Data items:

------------------------------------------------------------

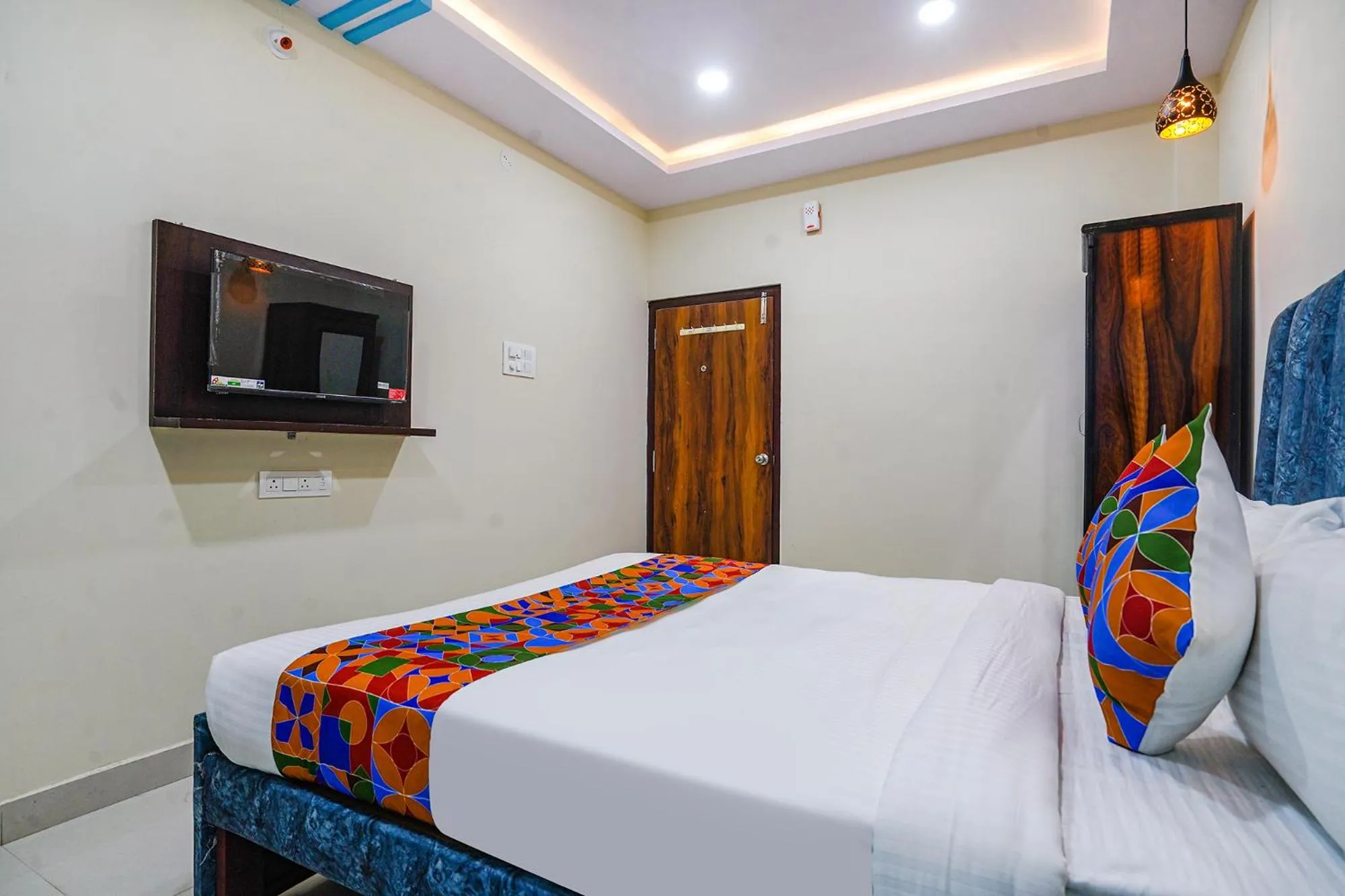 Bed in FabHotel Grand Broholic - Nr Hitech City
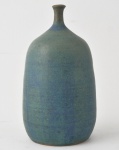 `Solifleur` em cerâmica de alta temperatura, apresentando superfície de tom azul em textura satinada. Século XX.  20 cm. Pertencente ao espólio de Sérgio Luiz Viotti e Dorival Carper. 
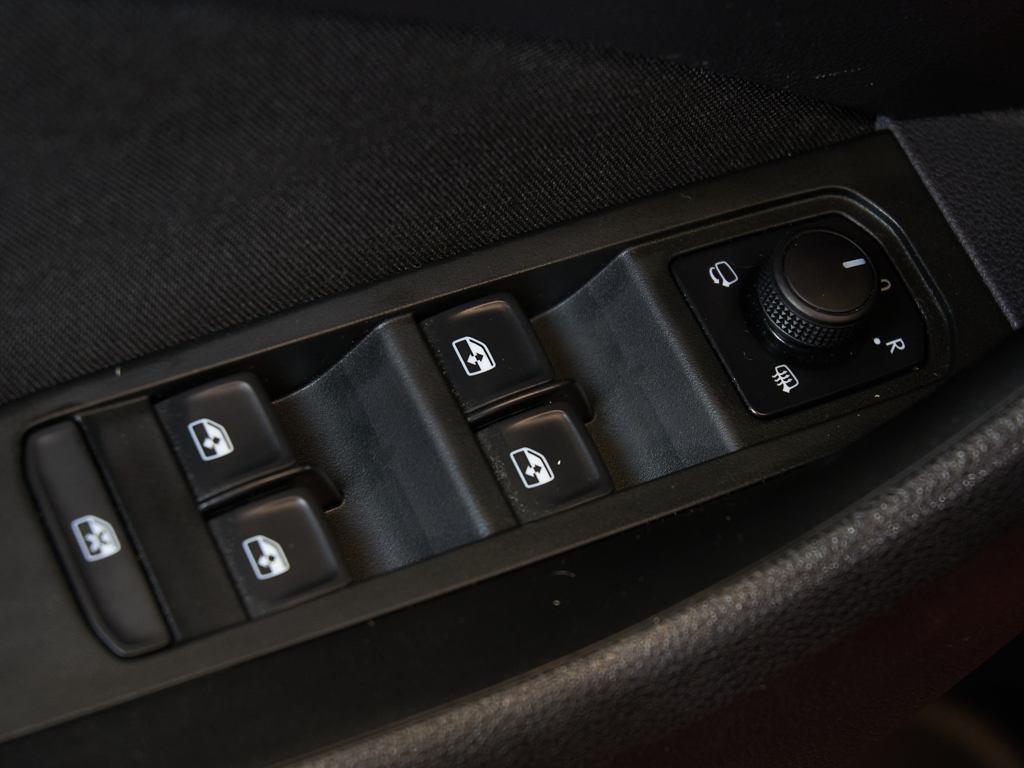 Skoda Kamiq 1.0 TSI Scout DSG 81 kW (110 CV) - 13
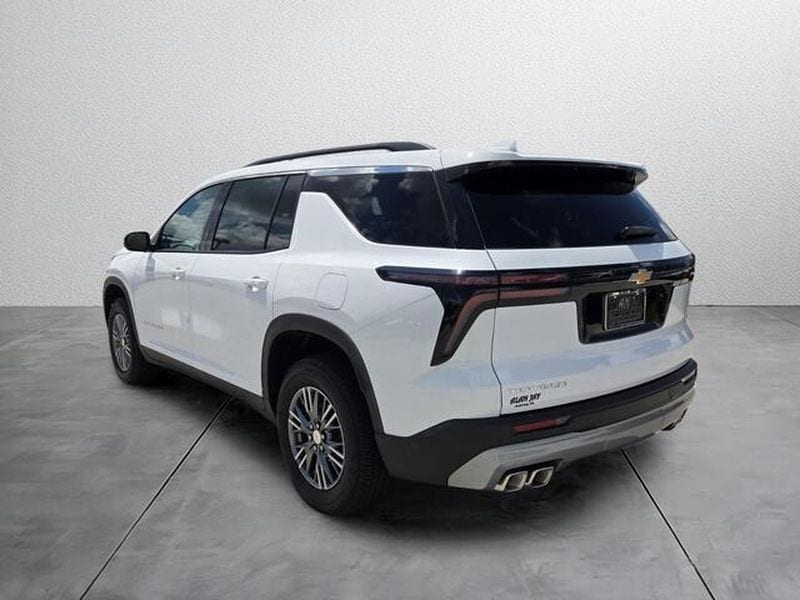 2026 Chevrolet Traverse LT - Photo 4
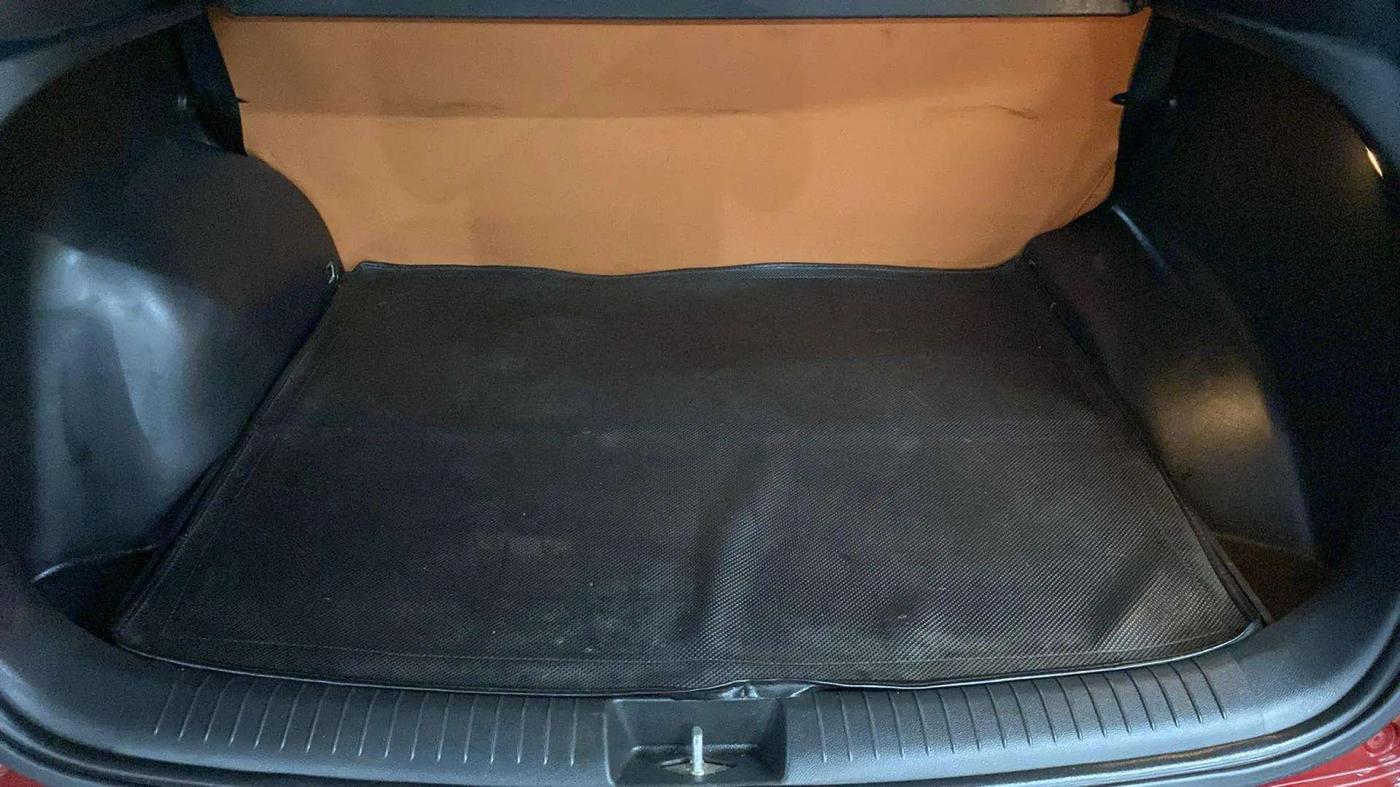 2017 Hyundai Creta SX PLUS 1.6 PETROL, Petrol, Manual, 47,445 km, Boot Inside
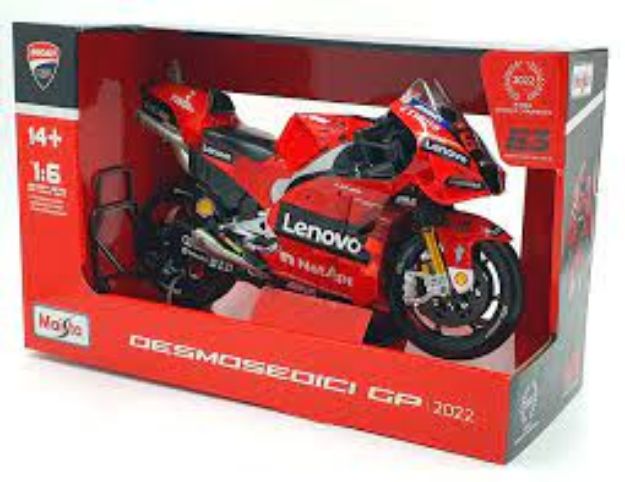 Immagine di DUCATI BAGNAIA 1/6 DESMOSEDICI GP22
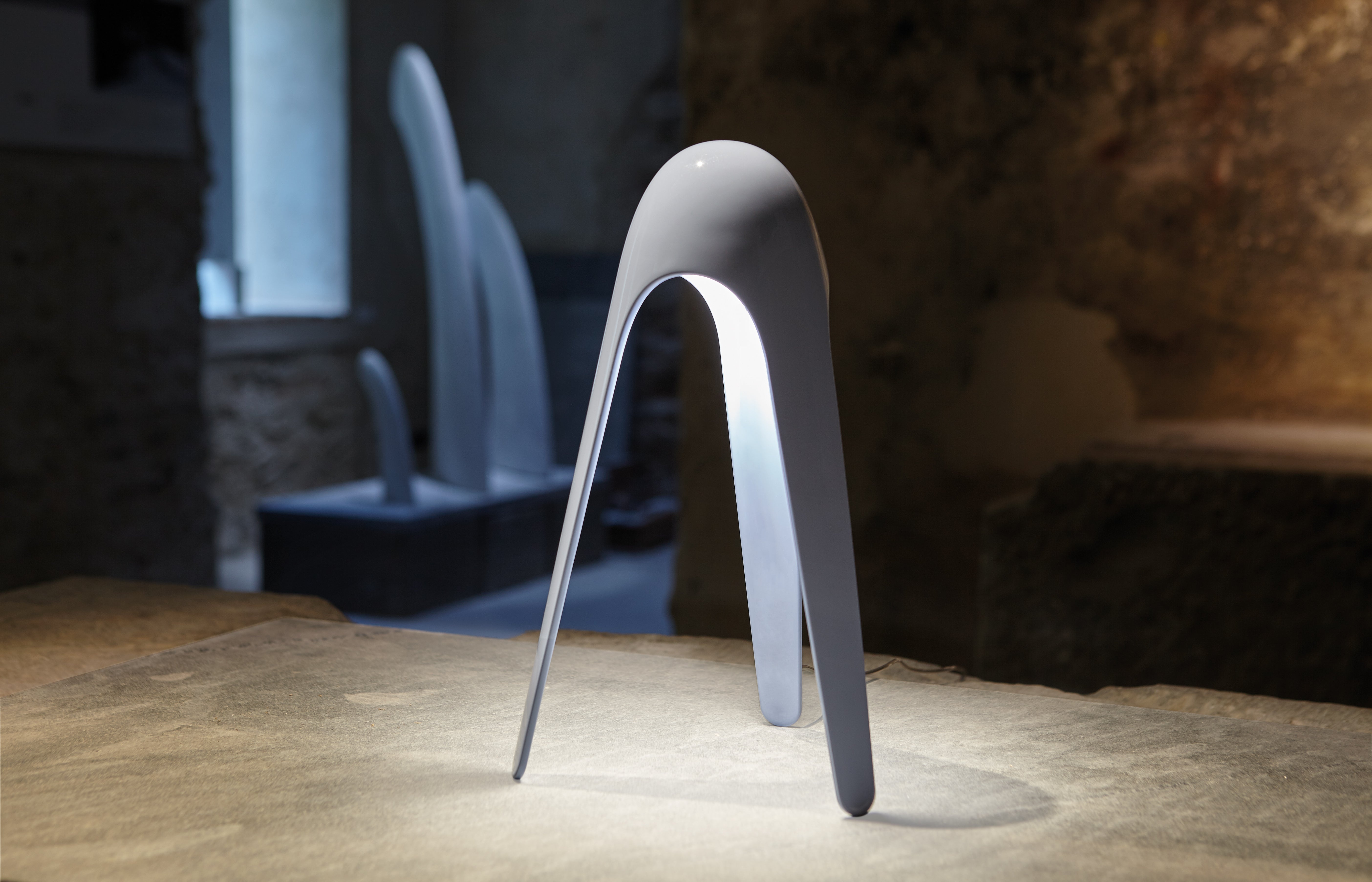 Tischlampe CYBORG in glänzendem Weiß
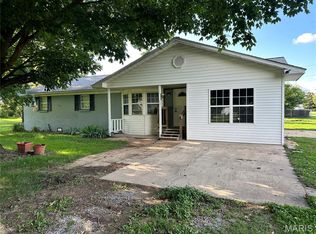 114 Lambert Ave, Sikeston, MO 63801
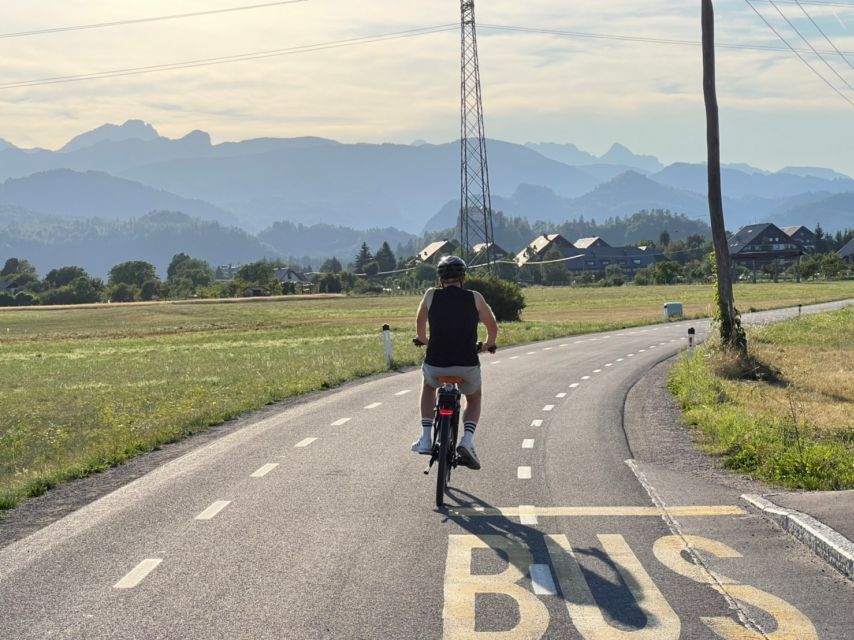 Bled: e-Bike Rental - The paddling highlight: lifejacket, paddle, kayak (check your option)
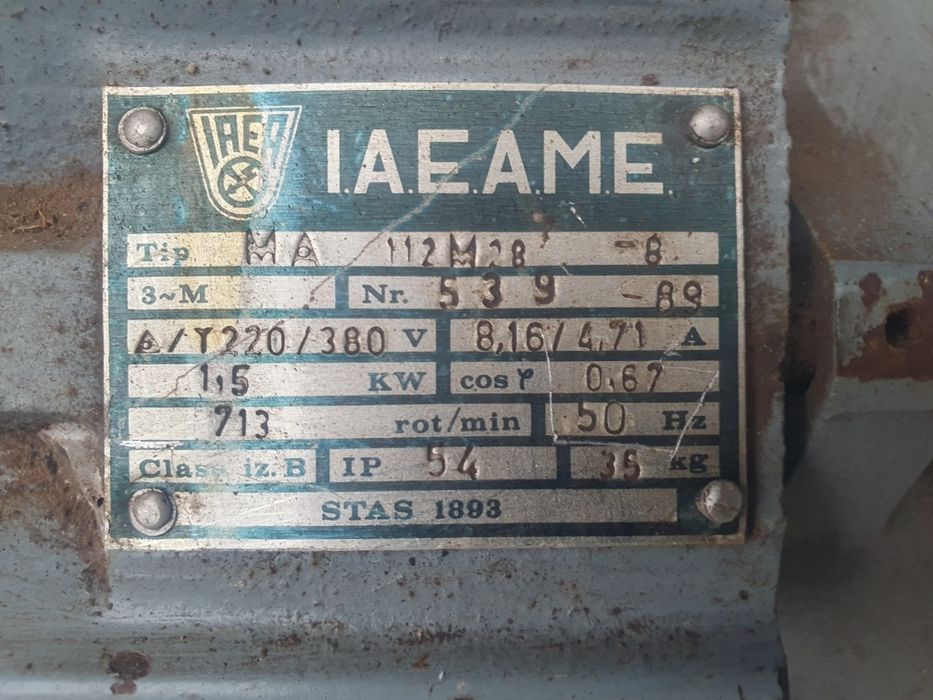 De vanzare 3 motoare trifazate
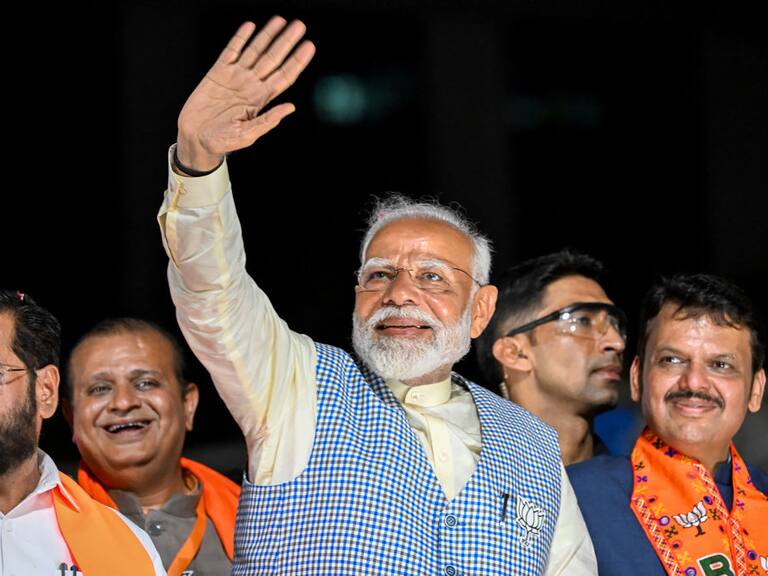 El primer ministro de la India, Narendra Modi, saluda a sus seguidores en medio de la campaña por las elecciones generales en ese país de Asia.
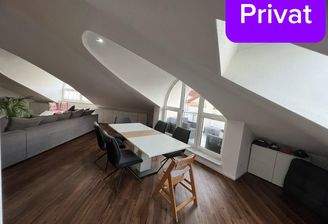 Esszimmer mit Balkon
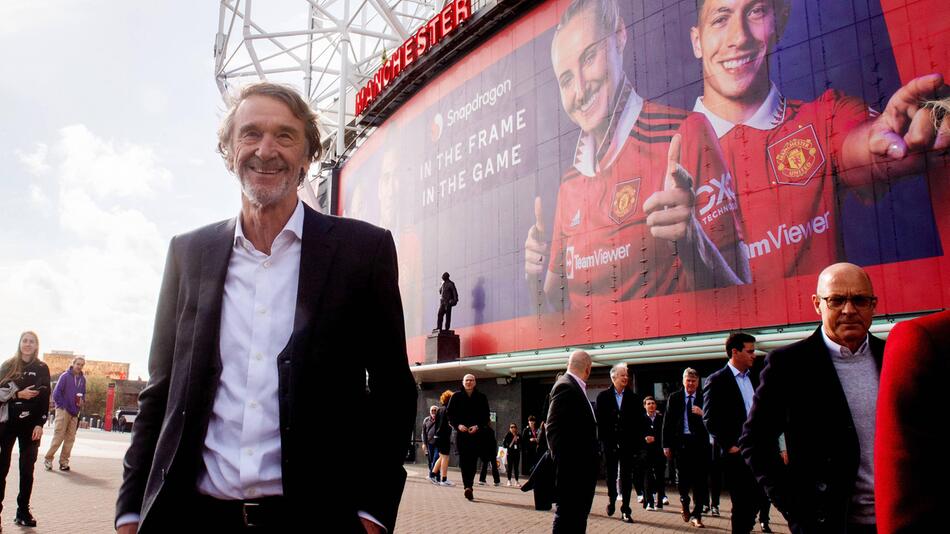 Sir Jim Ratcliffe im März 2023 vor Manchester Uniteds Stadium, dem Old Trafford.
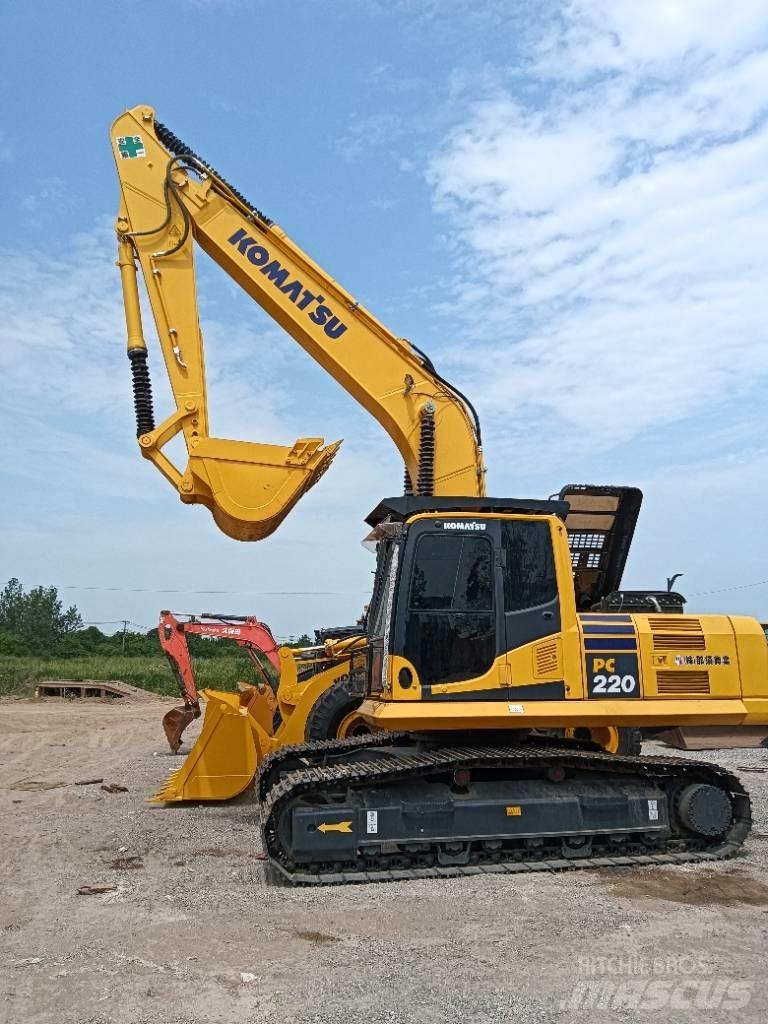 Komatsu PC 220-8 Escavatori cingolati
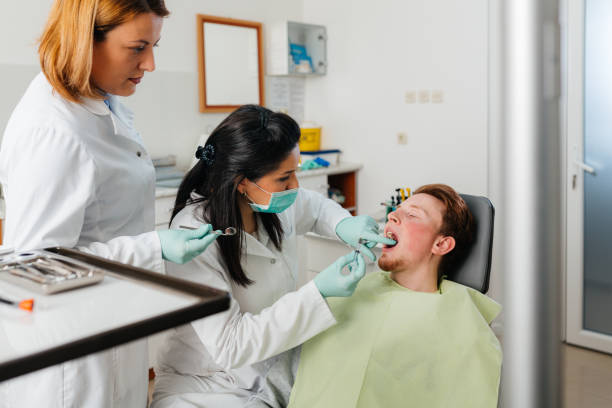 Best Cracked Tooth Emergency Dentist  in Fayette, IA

------------------------------------------------------------

Exactly the lines from the line with "Komatsu PC 220-8 Escavatori cingolati" through the end of the data are to be reproduced, and no picture is to be included.

Your solution:
 Komatsu PC 220-8 Escavatori cingolati
 Best Cracked Tooth Emergency Dentist  in Fayette, IA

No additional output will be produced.